Here is a listing, set out below; repeat its lines from the one with "粉丝鲍鱼免处理鲍鱼肉烧烤食材海鲜自助火锅食材" to the last, both included, and leave out the pictures.

SOURCE MATERIAL Start Marker

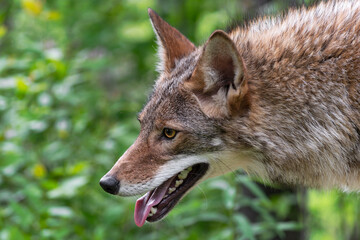 Fototapeta premium Adult Coyote (Canis latrans) Closeup Mouth Open Summer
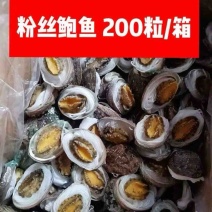 粉丝鲍鱼免处理鲍鱼肉烧烤食材海鲜自助火锅食材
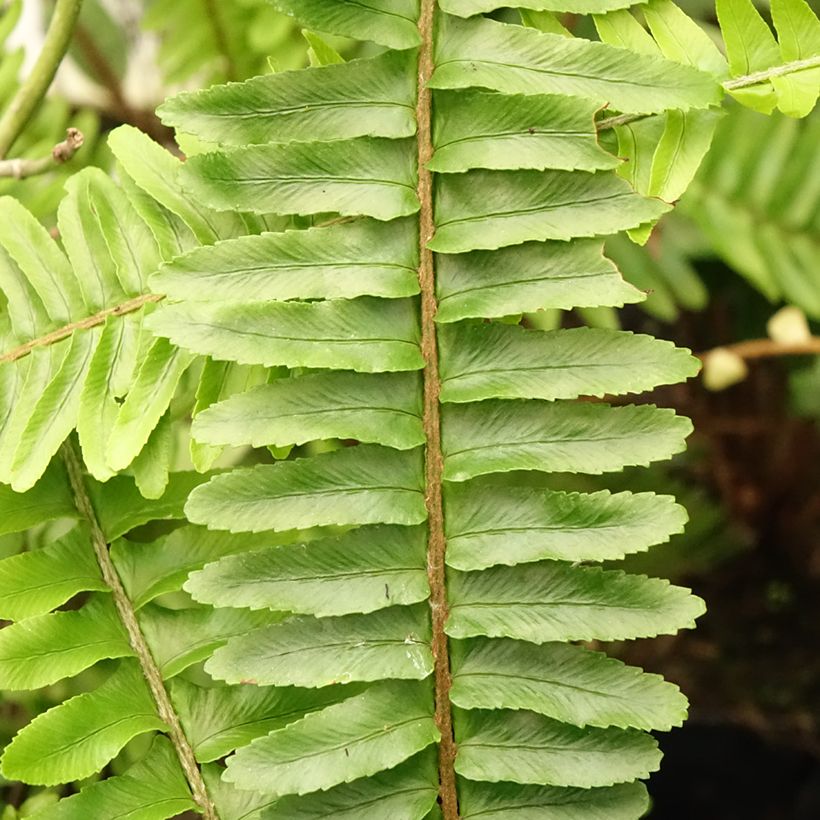 Nephrolepis cordifolia Artic Jungle - Felce cordifolia (Fogliame)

SOURCE MATERIAL End Marker

ANSWER TO THIS EXERCISE:
 粉丝鲍鱼免处理鲍鱼肉烧烤食材海鲜自助火锅食材
 Nephrolepis cordifolia Artic Jungle - Felce cordifolia (Fogliame)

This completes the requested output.